Whiskey Tango Foxtrot: We just had to ask...


Published September 12, 2012 at 9:56 a.m.


If you drive south along Spear Street in South Burlington in September, just a bit past the intersection with Swift Street and before you reach the endless expanse of McMansions down the road, you may notice an unusual sculpture gracing a lawn on the left side of the road. As you approach and clear a grove of pine trees, the first figure appears: a baseball player, clad in a gleaming white uniform with black and orange trim, his back bearing the number 24, seeming to run at full gait toward the road. Then another figure emerges, glove outstretched to the sky as a ball rockets downward. The ball disappears into the glove of a third figure. A fourth has wheeled and is turned toward an imaginary ball field. The fifth fires the ball, seemingly into oncoming traffic, losing his hat from the force of his throw.

Most baseball fans would recognize the images immediately.
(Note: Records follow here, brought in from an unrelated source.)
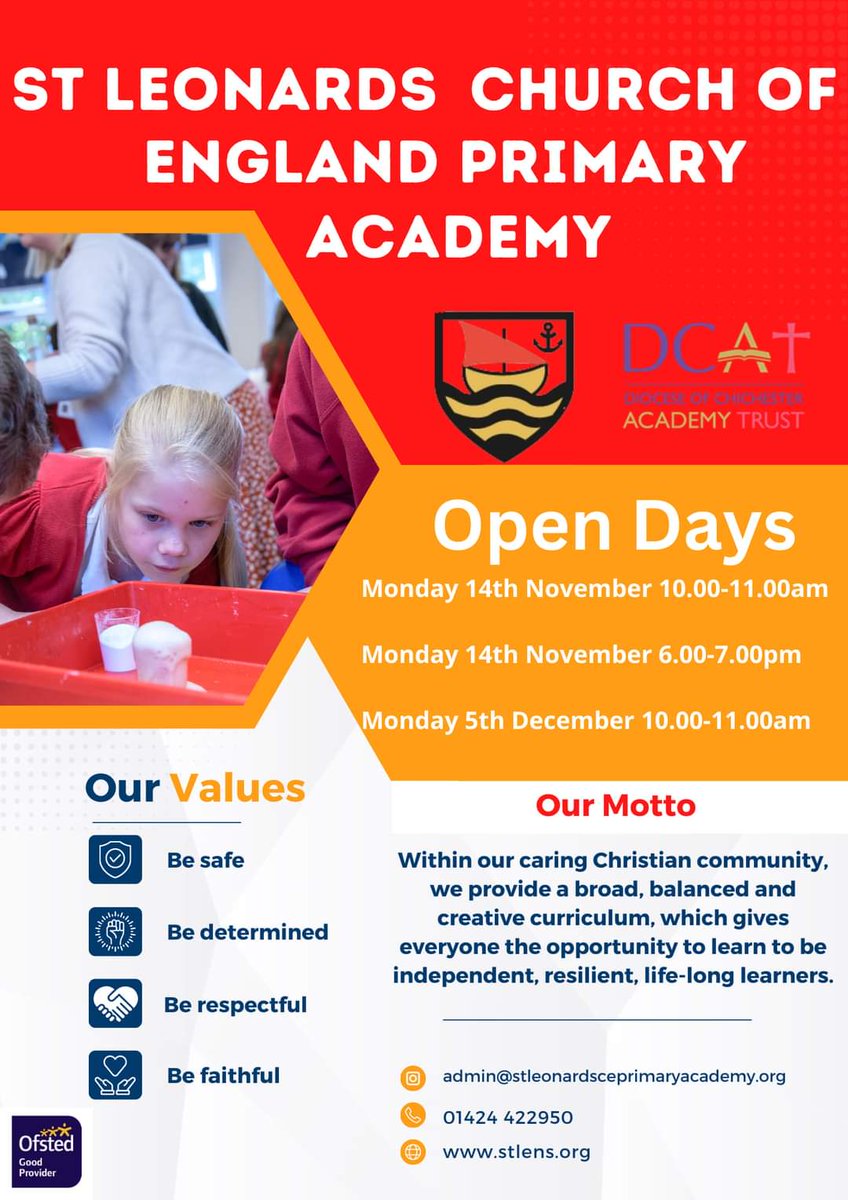 Please see dates of our upcoming Open Days for children starting in Reception in September 2023.
Please follow this link to reserve a place

forms.office.com/r/Kt0U7nKSKH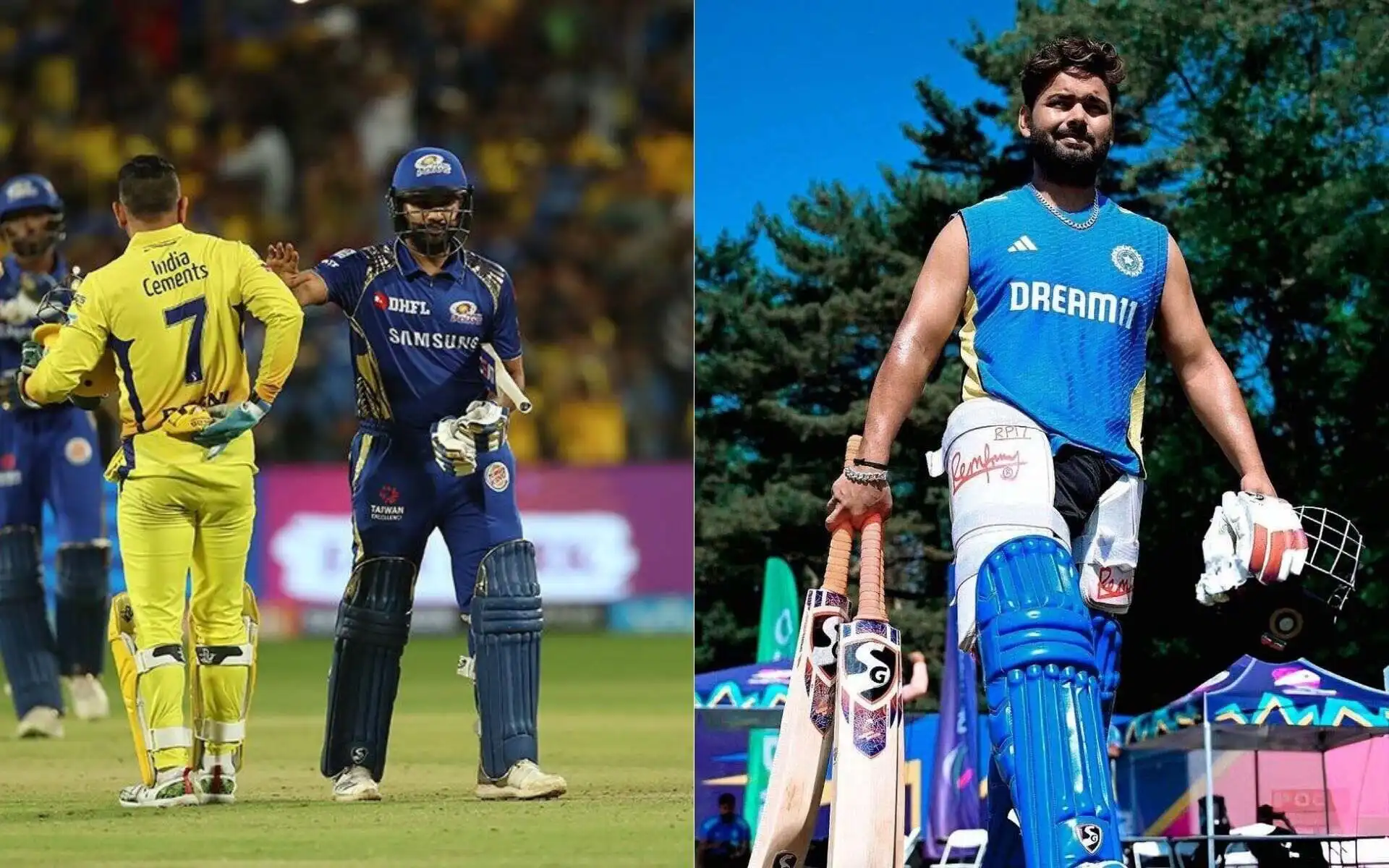 MS Dhoni with Rohit Sharma, and Rishabh Pant [Source: @CricCrazyJohns, @riseup_pant17/x]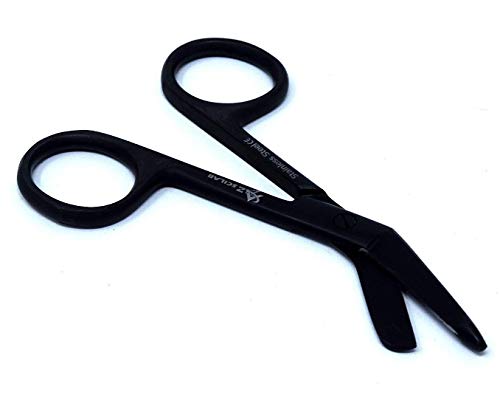 Tijeras de vendaje de lister de color negro con revestimient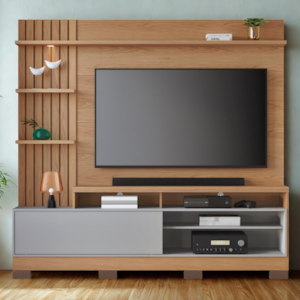 Estante Home Para TV 65 Pol 200 cm Maceio Led Freijo Cinza Fosco CLB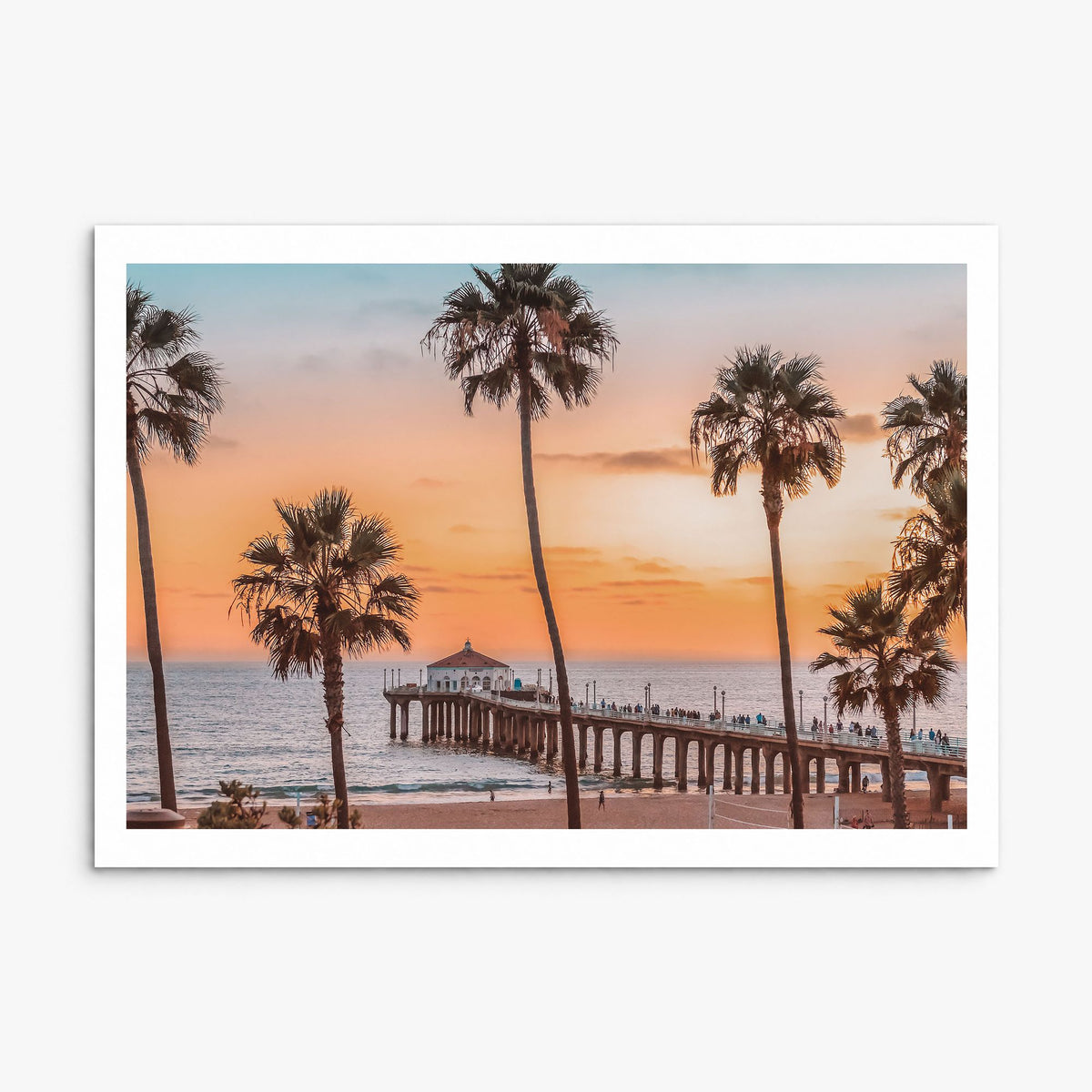 Manhattan Beach Photo Poster, print only (unframed), white border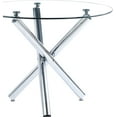 thumbnail image 3 of Velets 40" Luna Round Glass Top Dining Table w/Sturdy Metal Legs, Sleek Design for Dining Room, Kitchen & Living Room, Best for Modern Home Decor, Small Spaces, Breakfast Nooks (Chrome Leg), 3 of 5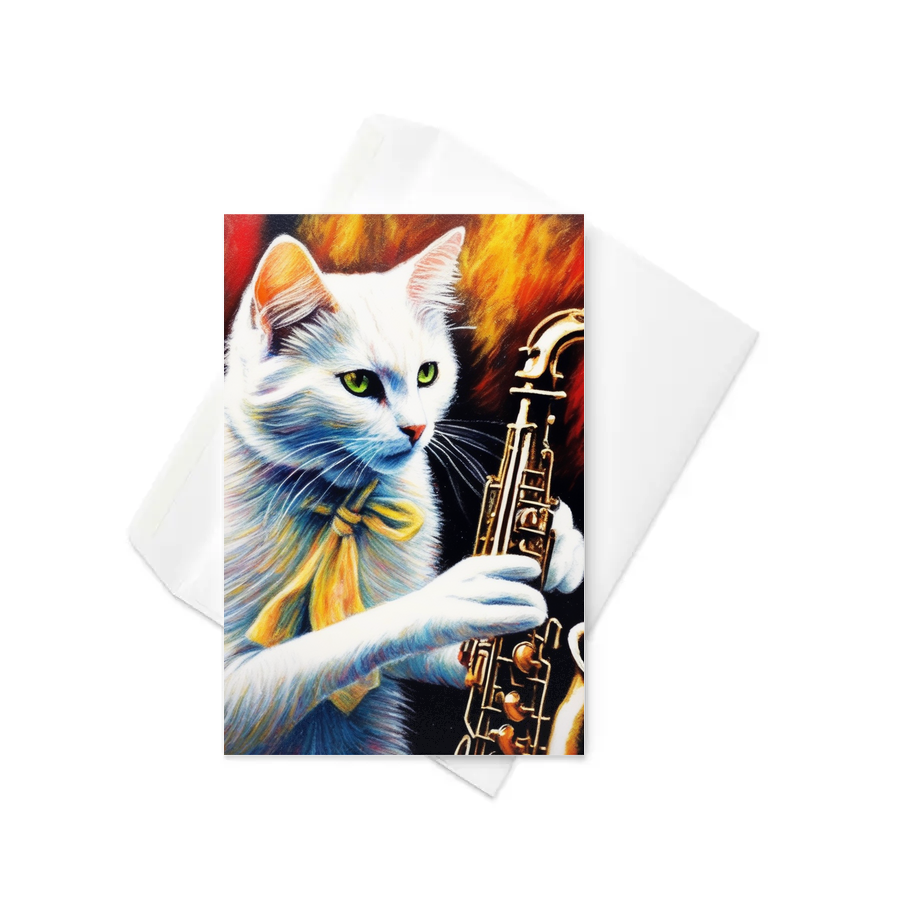 PugMug Custom White Companion Cat Greeting Card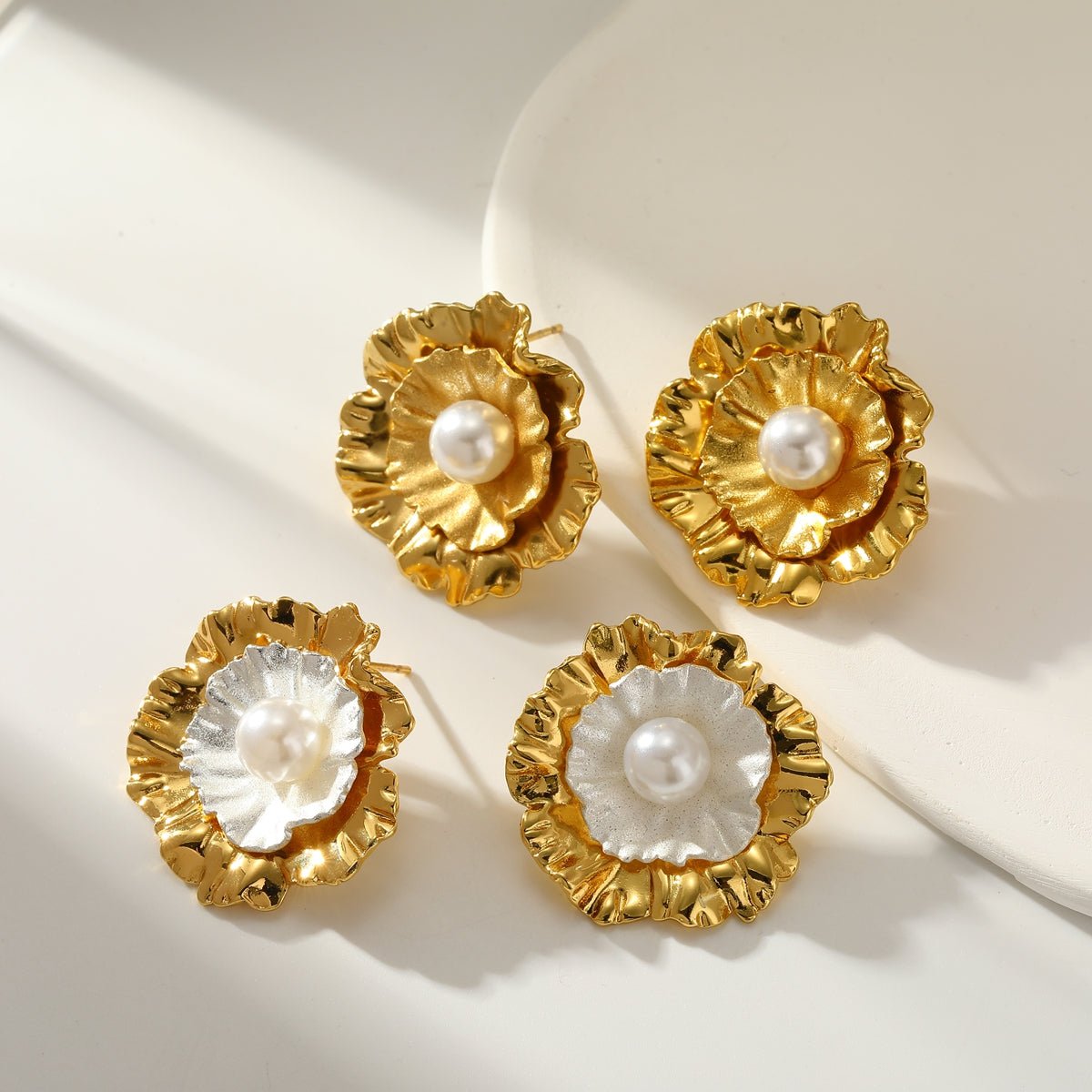 Pearl Bloom Stud Earrings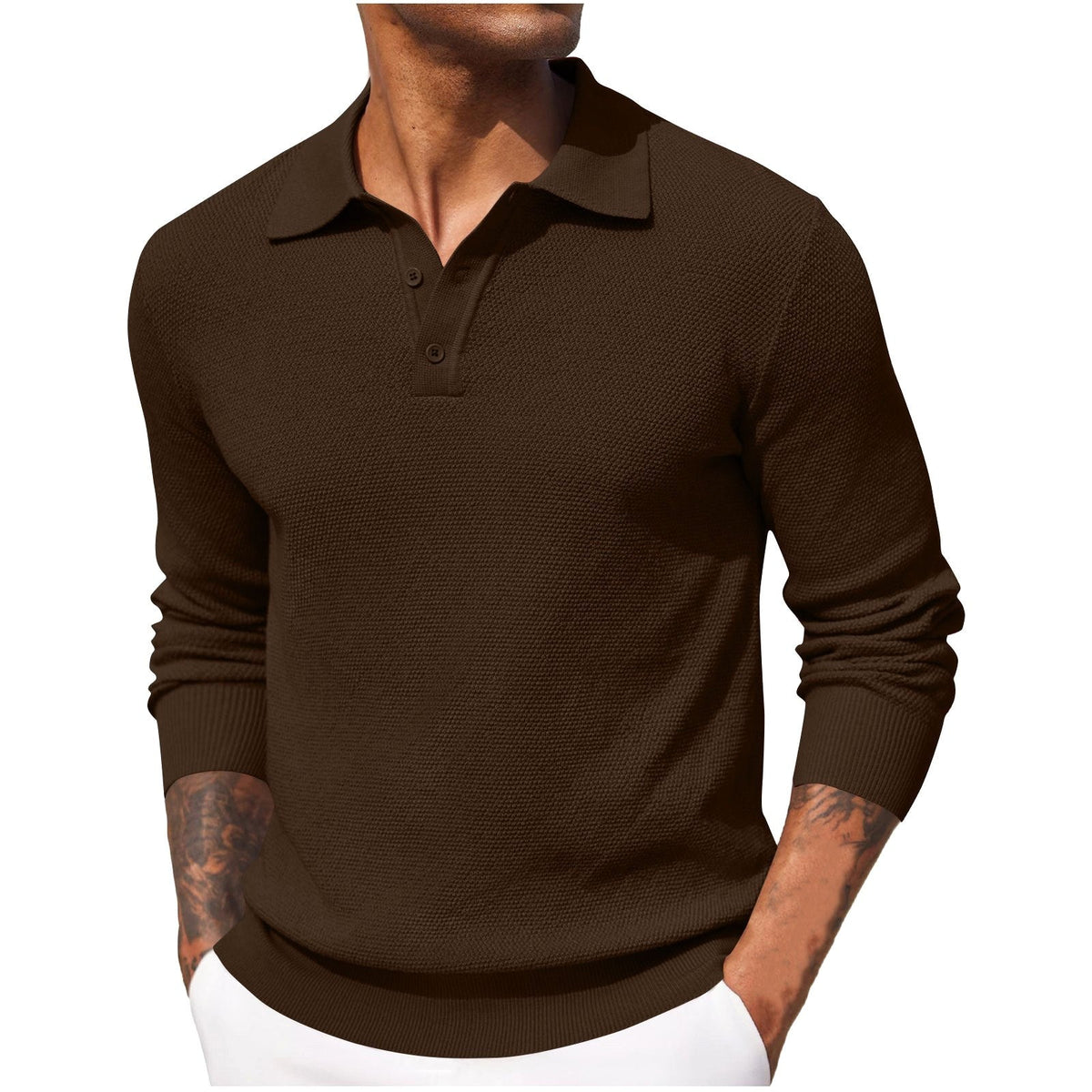 Volker | Men's Jumper with Polo Collar, Elegant Knit Jumper | Everlasting Boutique | Blue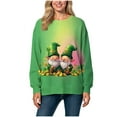 thumbnail image 4 of PFRNLF Womens St Patricks Day Sweatshirts Lucky Clover Shenanigans Sweater Shamrock Coordinator Long Sleeve Pullover Top, 4 of 5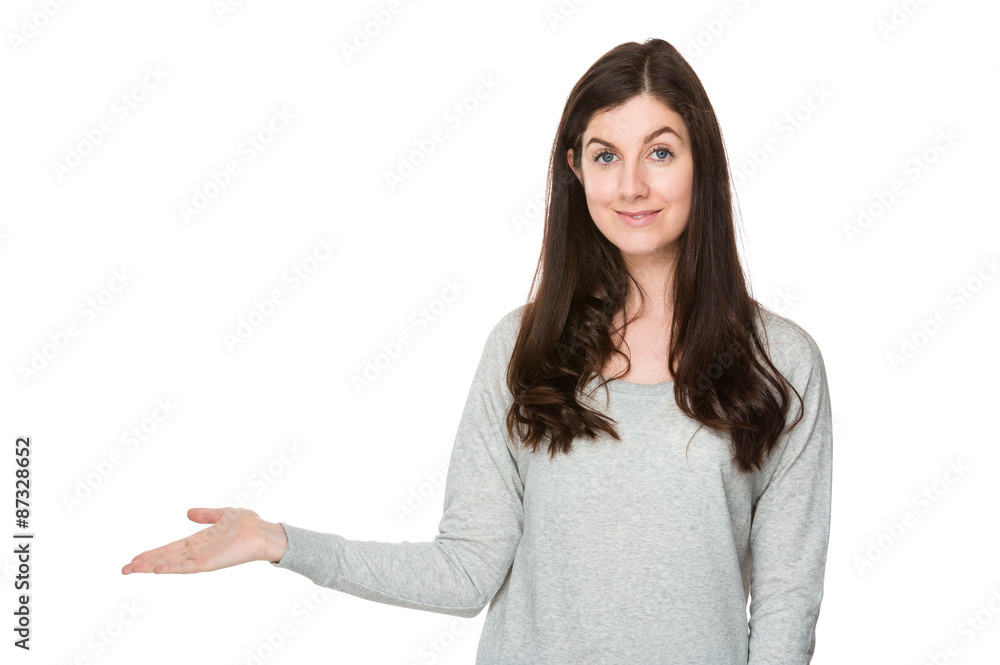 Woman with hand show with blank sign Woman with hand show with blank sign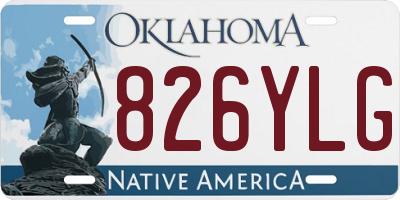 OK license plate 826YLG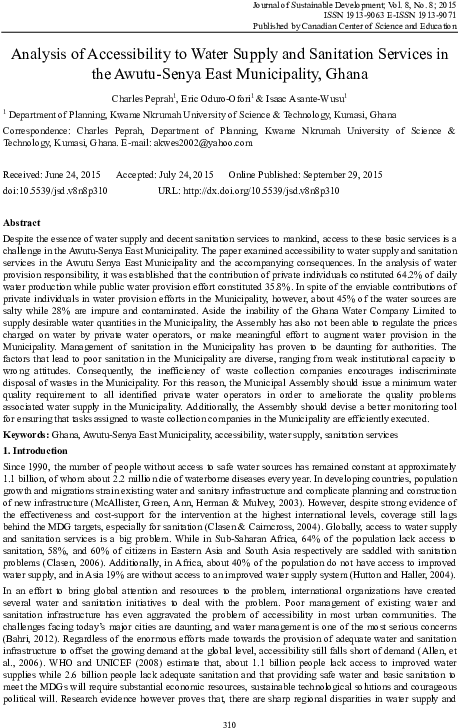 Pdf Analysis Of Accessibility To Water Supply And Sanitation - White Dust From Mongolia Clipart (595x808), Png Download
The wooden cutouts portray New York Giants center fielder Willie Mays making one of the game’s truly historic plays, known simply as “the Catch.” But lawn ornaments along this section of road are rare — the well-to-do ’hood is not exactly a habitat for pink flamingos or gnomes. And SoBurl is a long way from the fabled Polo Grounds in Harlem; farther still from San Francisco, where the Giants later moved and still play. So what in the wide world of sports is the Say Hey Kid doing on Spear Street?

The cutouts belong to local businessman and CEO of MyWebGrocer, Rich Tarrant Jr. He’s an avid baseball fan, though he doesn’t root for the Giants — Tarrant is a Yankees fan. But every year in September, weather permitting, he sends “Willie” racing after Vic Wertz’s screaming line drive. Why? September 29 is the anniversary of Mays robbing the Indians’ first baseman of a crucial extra base hit in the eighth inning of game one of the 1954 World Series.

“When I look at that play, I always think one of these days the ball is going to go over his head,” says Thom Ross, the artist who made the cutouts in 2004 and brought them to the site of the old Polo Grounds stadium in Harlem to commemorate the play’s 50th anniversary. “But he catches it every damn time.”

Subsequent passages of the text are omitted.